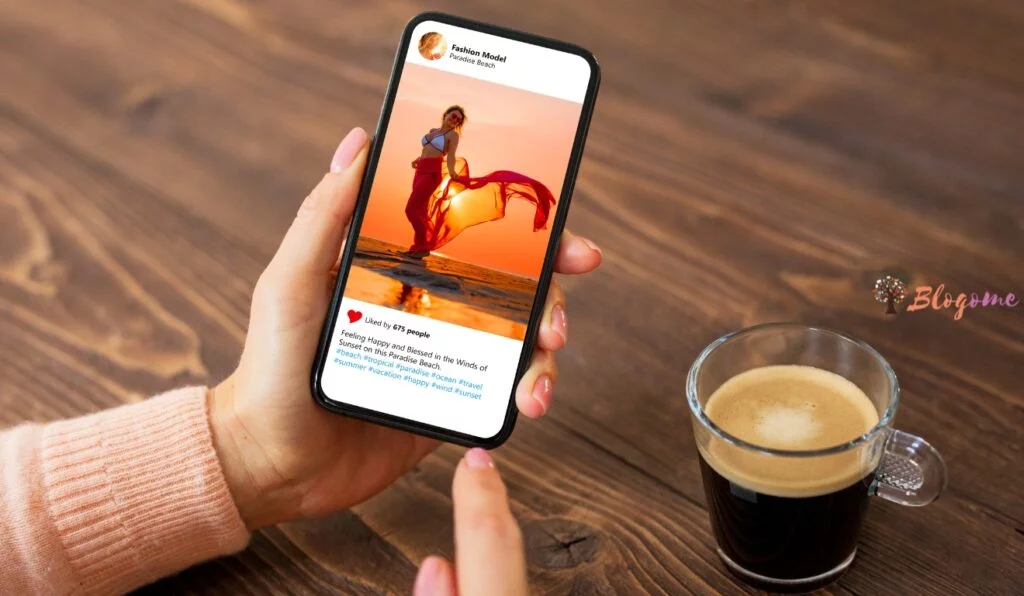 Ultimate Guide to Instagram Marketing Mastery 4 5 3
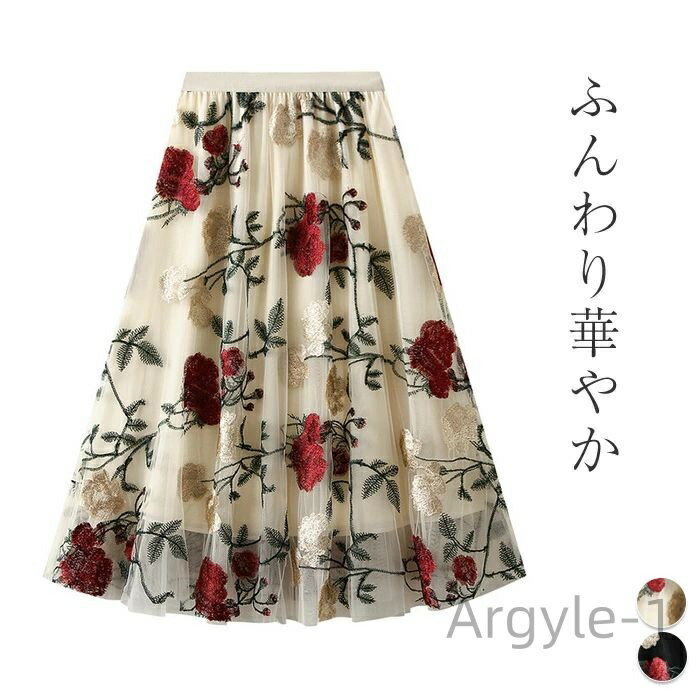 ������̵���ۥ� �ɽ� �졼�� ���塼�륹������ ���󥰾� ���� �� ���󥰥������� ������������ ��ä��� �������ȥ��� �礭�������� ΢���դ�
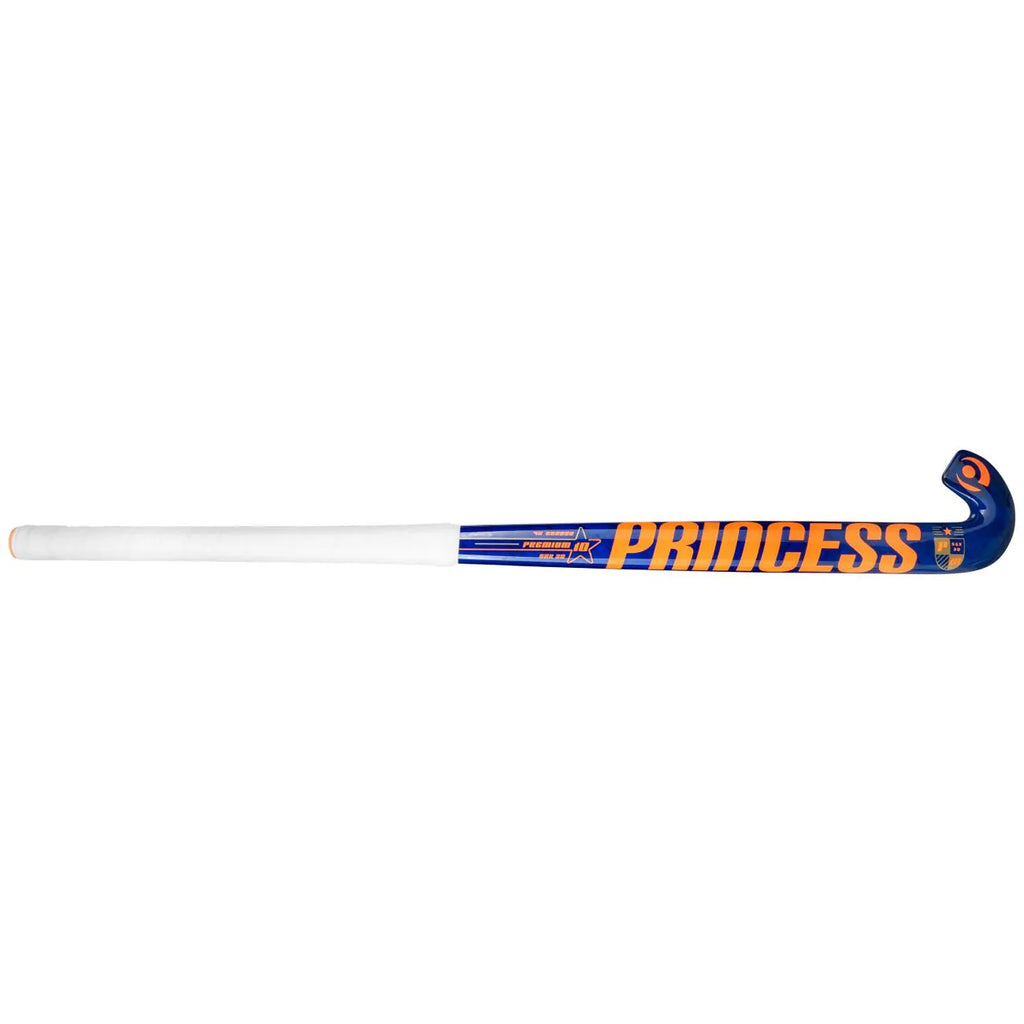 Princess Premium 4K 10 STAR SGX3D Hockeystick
==
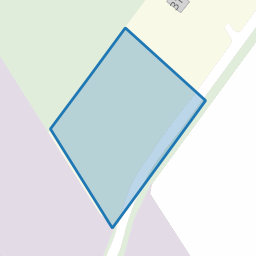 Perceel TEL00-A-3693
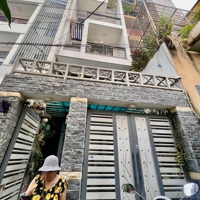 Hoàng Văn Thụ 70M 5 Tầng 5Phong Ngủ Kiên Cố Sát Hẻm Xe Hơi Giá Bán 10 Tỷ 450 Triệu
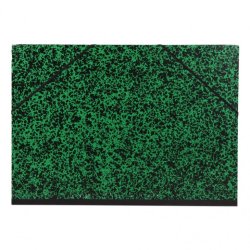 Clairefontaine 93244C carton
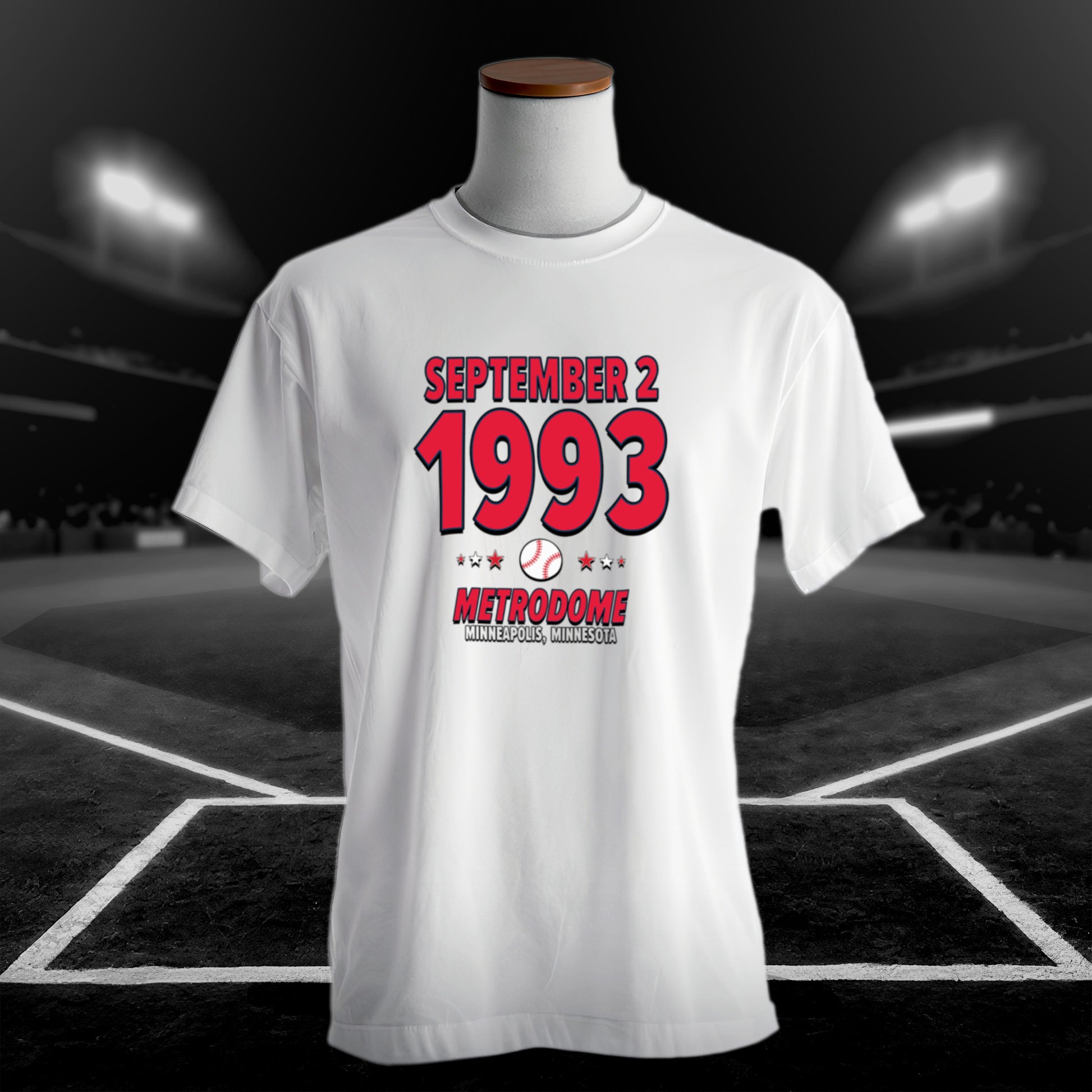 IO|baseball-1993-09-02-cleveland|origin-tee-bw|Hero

> What to produce
Print, exactly and with no pictures, the lines of the listing above starting at the one that has "Hoàng Văn Thụ" and ending at the one that has "IO|baseball-1993-09-02-cleveland|origin-tee-bw|Hero", both included.

> Solution for this problem
 Hoàng Văn Thụ 70M 5 Tầng 5Phong Ngủ Kiên Cố Sát Hẻm Xe Hơi Giá Bán 10 Tỷ 450 Triệu
 Clairefontaine 93244C carton
 IO|baseball-1993-09-02-cleveland|origin-tee-bw|Hero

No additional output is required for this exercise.